ERMI Mold Testing – Not Valid
Public May Be Making Indoor Mold Cleanup Decisions Based on EPA Tool Developed Only for Research Applications
We substantiated the allegation that firms were using the mold index tool although the EPA had not validated the tool for public use. The EPA readily acknowledged that it had not validated or peer reviewed ERMI for public use. The agency said it considers ERMI to be research tools not intended for public use. Although the EPA has licensed ERMI to companies for introduction into the marketplace under the Federal Technology Transfer Act of 1986, neither federal law nor the EPA’s procedures address the level of validation needed before or after transferring federally developed technologies to the private sector. In addition, there are no EPA regulatory requirements for developing or validating indoor mold test methods or assessing indoor mold levels.
Licensees were marketing MSQPCR to the public as part of the ERMI tool. In our view, one current and one past licensee’s advertising could mislead the public into thinking that these research tools are EPA-approved methods for evaluating indoor mold.

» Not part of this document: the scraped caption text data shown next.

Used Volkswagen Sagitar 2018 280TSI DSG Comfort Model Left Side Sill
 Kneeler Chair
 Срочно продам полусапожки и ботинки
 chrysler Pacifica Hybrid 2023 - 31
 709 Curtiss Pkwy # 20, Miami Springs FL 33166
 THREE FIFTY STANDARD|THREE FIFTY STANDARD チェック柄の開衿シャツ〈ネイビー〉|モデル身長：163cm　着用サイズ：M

The license agreements stipulate that the licensee should not state or imply in any medium that the EPA endorses MSQPCR. In addition, information that appeared on an EPA webpage suggested that the EPA validated and endorsed MSQPCR for public use. Consequently, there is a risk that the public may make inappropriate decisions regarding indoor mold on the belief that MSQPCR and ERMI results were based on research tools fully validated and endorsed by the EPA for public use. Public awareness of indoor mold has risen over the past several years, and trade industry and other publications have raised concerns about the legitimacy of some firms offering remediation services. Because of the numerous questions the EPA received from the public regarding the ERMI tool, the EPA drafted a fact sheet on indoor mold, MSQPCR, and ERMI. Informing the public about the ERMI tool and monitoring compliance with license agreements would improve assurance that the public is not misled about the ERMI tool and understands its limitations. However, the EPA has not finalized or published this fact sheet.
We recommend that the EPA periodically review licensee advertising of the MSQPCR tool to determine whether licensees have violated the terms of the license agreement and take appropriate actions as necessary. We also recommend that the EPA remove or clarify potentially misleading statements on its webpage, and finalize a fact sheet on indoor mold, MSQPCR and ERMI to inform the public that MSQPCR and ERMI have not been peer reviewed or validated for public use. The agency generally agreed with our report and provided corrective actions and estimated completion dates that meet the intent of our recommendations. Also, the agency has removed a webpage containing potentially misleading statements; thus, we are closing this recommendation.